There was more John Owen-Jones to come, in the form of the latest round of a series by Edward Seckerson called Comparing Notes, part-interview, part-concert. The High Holborn branch of Pizza Express doesn’t quite have the same ambience as the Royal Albert Hall, and as someone who usually takes advantage of the three course meal deal thing at Pizza Express, the bill at the end of the show is always a bit of a shocker for me, because the meal deal thing doesn’t apply when attending a live music session. I think it’s the main reason why I don’t go to more of Seckerson’s events – they used to be at Charing Cross Theatre, which was far less painful for the current account balance, mostly because those ones started at 3pm and so one had already eaten lunch beforehand. Anyway, I learnt a fair bit about John’s background and vocal techniques. And here’s a name to watch out for: Ryan MacKenzie, a Scottish pianist and the musical director for the event.

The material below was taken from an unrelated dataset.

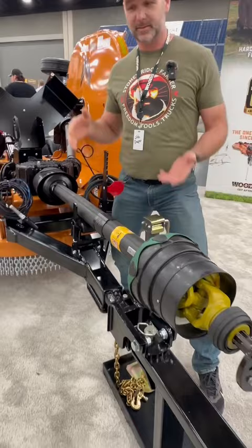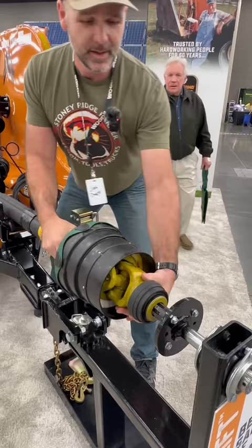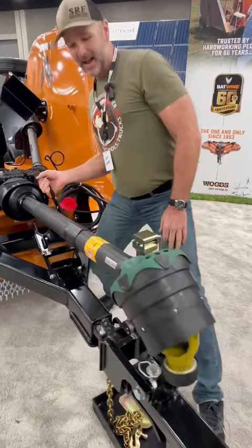This is called the Woods Smart Lift System. We slide this collar back — it locks into place. Thank you, Woods, for doing that. We'll slip it off of our PTO shaft just like that, drop this guy down right here. Bam, you're ready to park it for the season.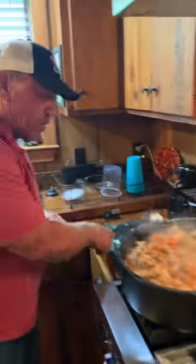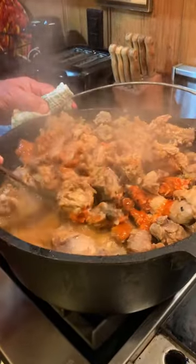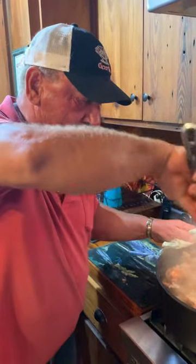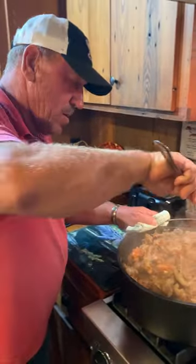Over here we've got a pot full of snappin' turtles, straight out of Bell River Louisiana. Got 18 pounds of turtle meat — I should've got a bigger pot. That is so cool.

On Saturday evening I ventured a little past the Oyster card zone into leafy Surrey. The Yvonne Arnaud Theatre is one of those places that I’d heard about repeatedly over the years but had never been. On the train to Guildford I was reminded of an altercation I had with a man who had significant involvement with the Guildford Fringe. I met him having attended a show at the Bread and Roses Theatre in Clapham. He had insisted and insisted he had seen me review a show in Guildford, and at that point (at least a couple of years ago, I think) I had never set foot in Guildford – going past it on the A3 doesn’t count as having actually gone there. As he was so persistent, I asked him which show it was that I had apparently reviewed in Guildford. Naturally, he said he couldn’t recall. “Well, there you are then. I’ve never reviewed in Guildford.”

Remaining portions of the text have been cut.